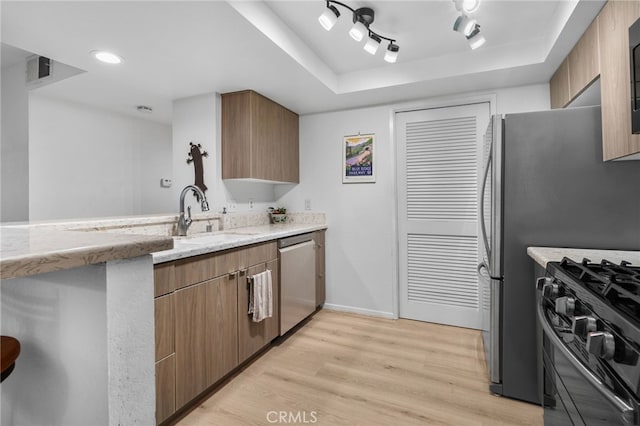 254 E Fern Ave Unit 108, Redlands, CA 92373 - kitchen with dishwasher, a sink, gas range oven, light wood-style flooring, and baseboards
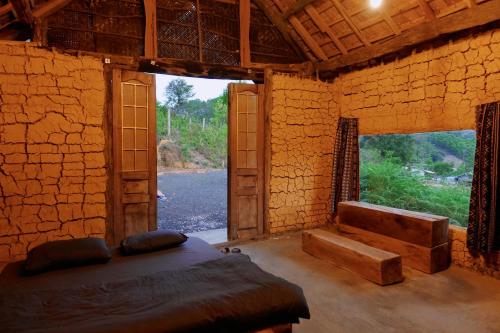 um quarto com uma cama e uma grande janela em Mơ Niê Farmstay & Cafe em Kon Von Kla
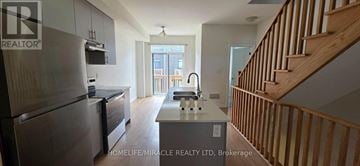 Oshawa (Donevan) townhouse for rent - A kitchen with a refrigerator, sink and stairs.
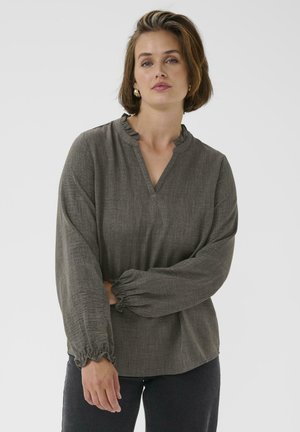 Blouse à manches longues, vert-grisâtre, avec un décolleté en V froncé et des poignets froncés. Tissu texturé avec une coupe ample.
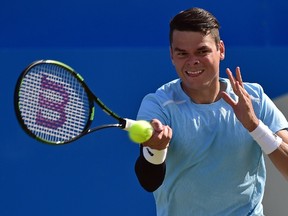 Canada's Milos Raonic returns the ball to France's Gilles Simon during their quarter final match at the ATP Aegon Championships tennis tournament at the Queen's Club in west London on June 19, 2015.     AFP PHOTO / LEON NEAL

■ ■ ■

Copy each line of the records precisely and drop any images they hold.

 254 E Fern Ave Unit 108, Redlands, CA 92373 - kitchen with dishwasher, a sink, gas range oven, light wood-style flooring, and baseboards
 um quarto com uma cama e uma grande janela em Mơ Niê Farmstay & Cafe em Kon Von Kla
 Oshawa (Donevan) townhouse for rent - A kitchen with a refrigerator, sink and stairs.
 Blouse à manches longues, vert-grisâtre, avec un décolleté en V froncé et des poignets froncés. Tissu texturé avec une coupe ample.
 Canada's Milos Raonic returns the ball to France's Gilles Simon during their quarter final match at the ATP Aegon Championships tennis tournament at the Queen's Club in west London on June 19, 2015.     AFP PHOTO / LEON NEAL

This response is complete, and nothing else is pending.